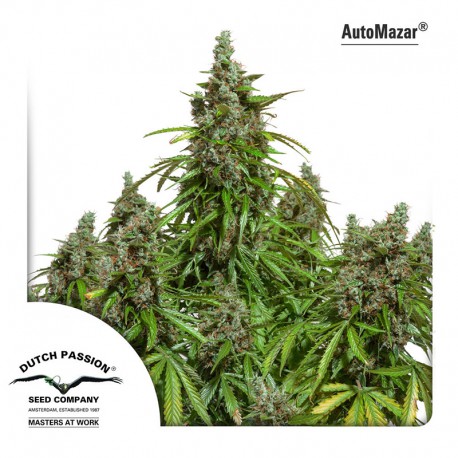 buy cannabis seeds AutoMazar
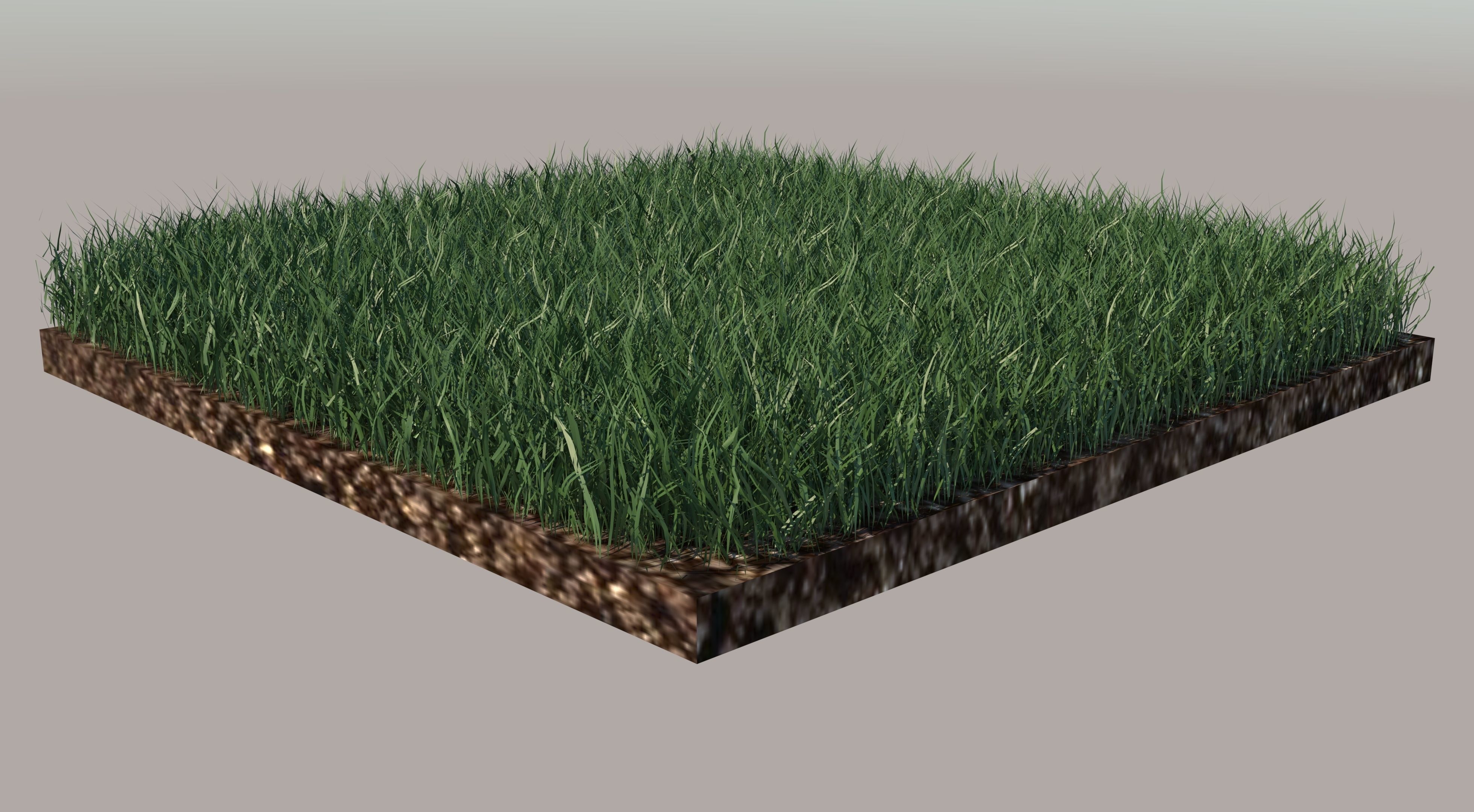 Grass and gravel 3D model_2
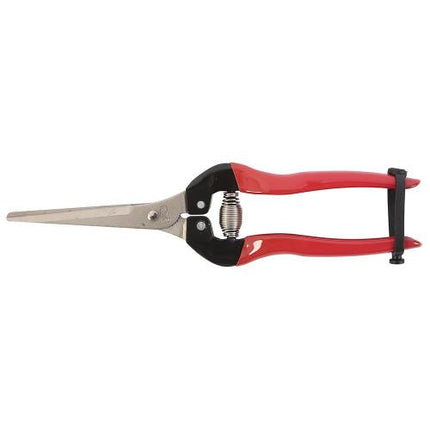 WHITEHORSE Fruit Thinning Shears 205L
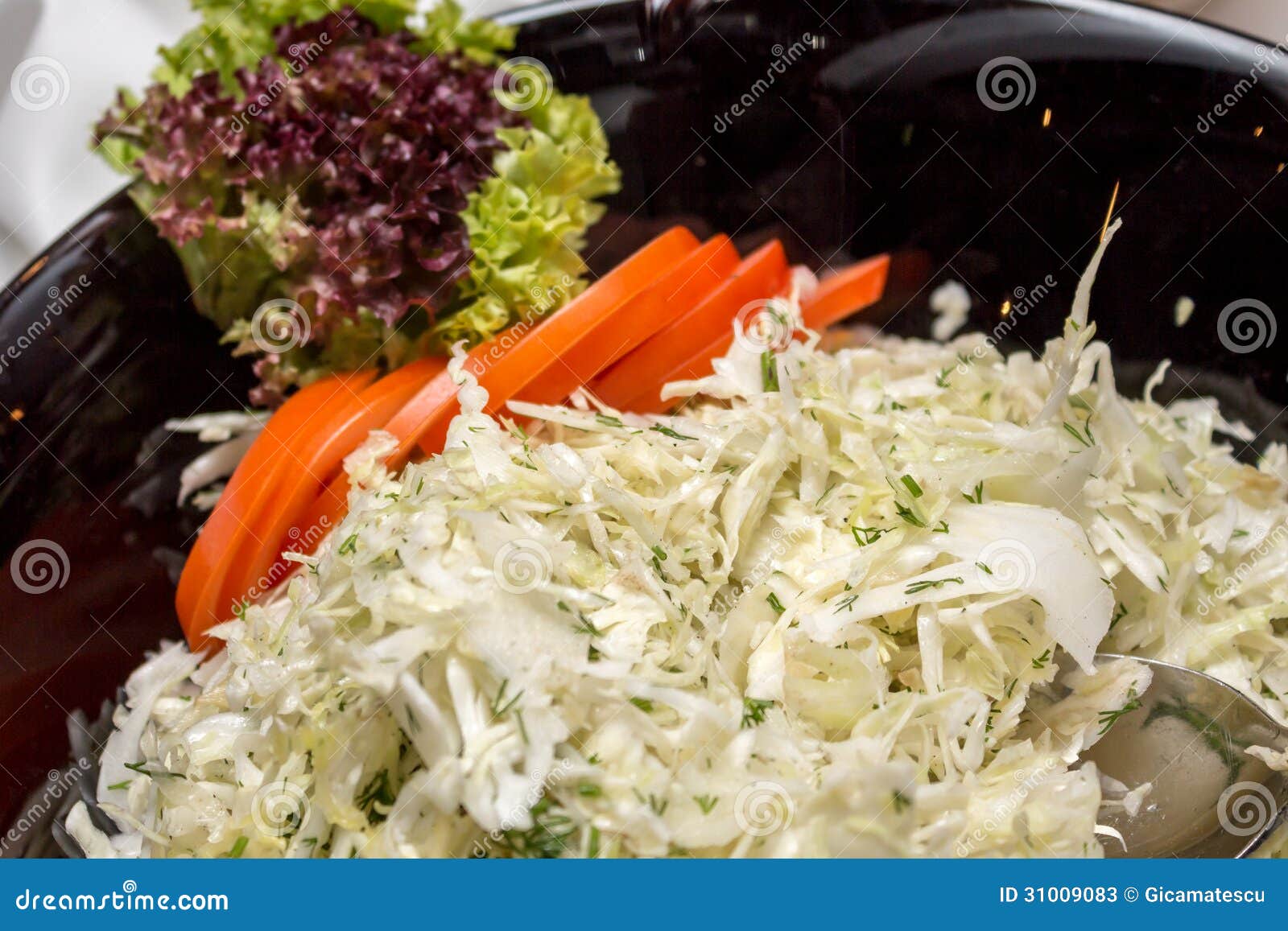 White cabbage salad stock image. Image of juicy, organic 31009083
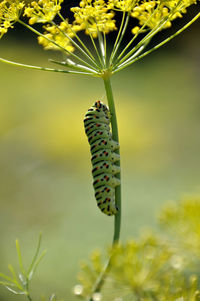 Caterpillar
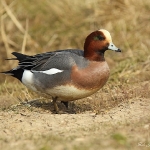 Wigeon - Cley NR -2015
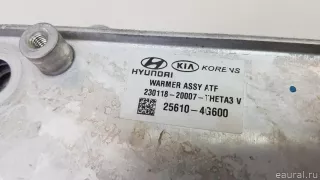 431902N050 Hyundai-Kia Радиатор (маслоохладитель) АКПП Kia K5 3 Арт E70788380, вид 6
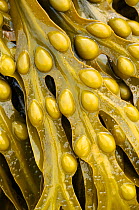 Bladder wrack {Fucus vesiculosus} seaweed, Cornwall, UK. March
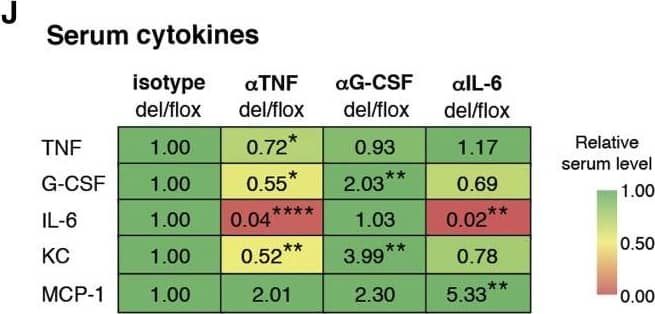 Detection of Mouse G-CSF by ELISA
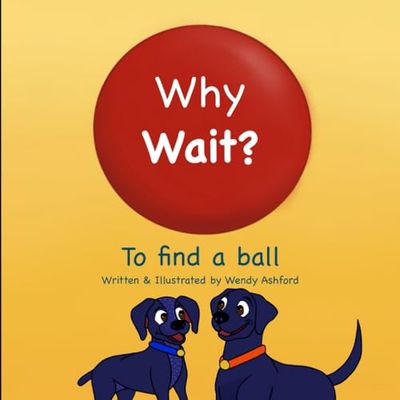 Why Wait?: to find a ball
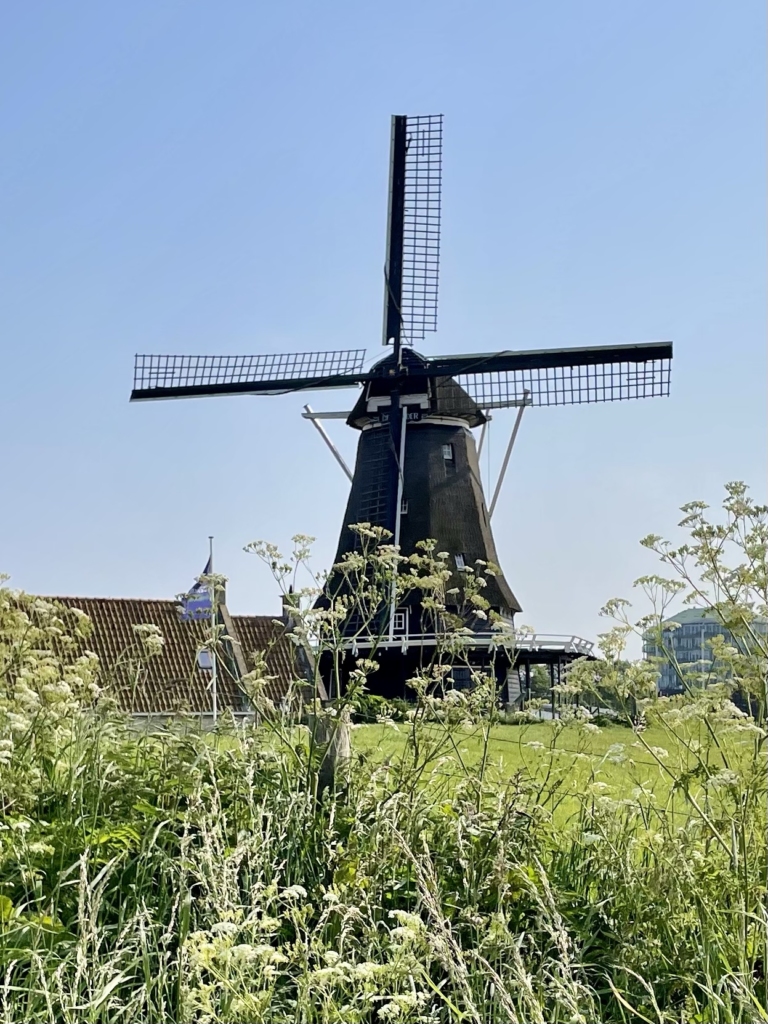 Windmühle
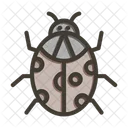 Beetle  Icon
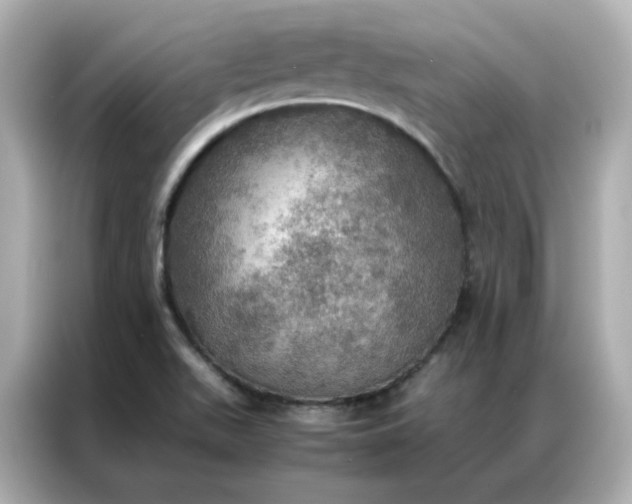 X0000086941511200704301127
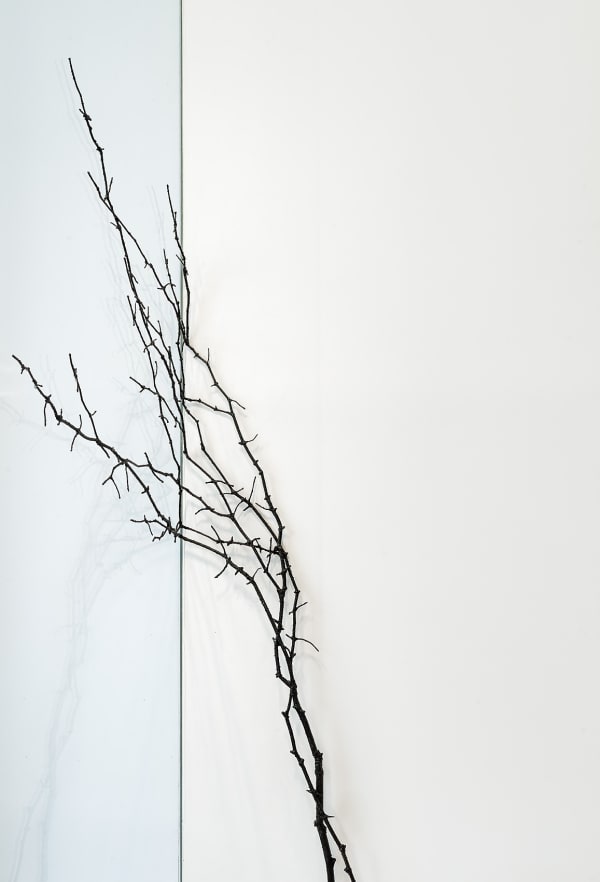 Dutko 250523 098 Bd Mail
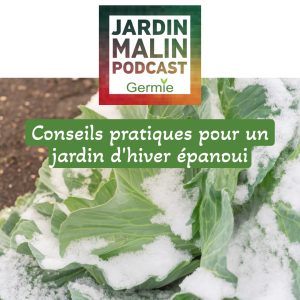 Lire la suite à propos de l’article Guide Complet pour le Jardinage en Hiver : Conseils et Astuces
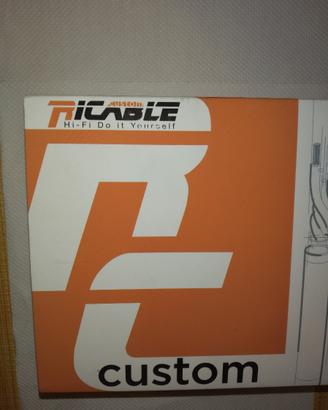 Spugne acustiche ricable custom bda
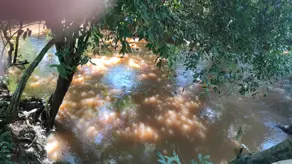 Imagem 3 - Chácara em Parque Las Vegas, Bela Vista de Goiás - GO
++++
Work order
Repeat the lines of the listing above verbatim, beginning at its first line and ending at the line containing "Wigeon - Cley NR -2015", which is included. Omit pictures.

Solution
 buy cannabis seeds AutoMazar
 Grass and gravel 3D model_2
 WHITEHORSE Fruit Thinning Shears 205L
 White cabbage salad stock image. Image of juicy, organic 31009083
 Caterpillar
 Wigeon - Cley NR -2015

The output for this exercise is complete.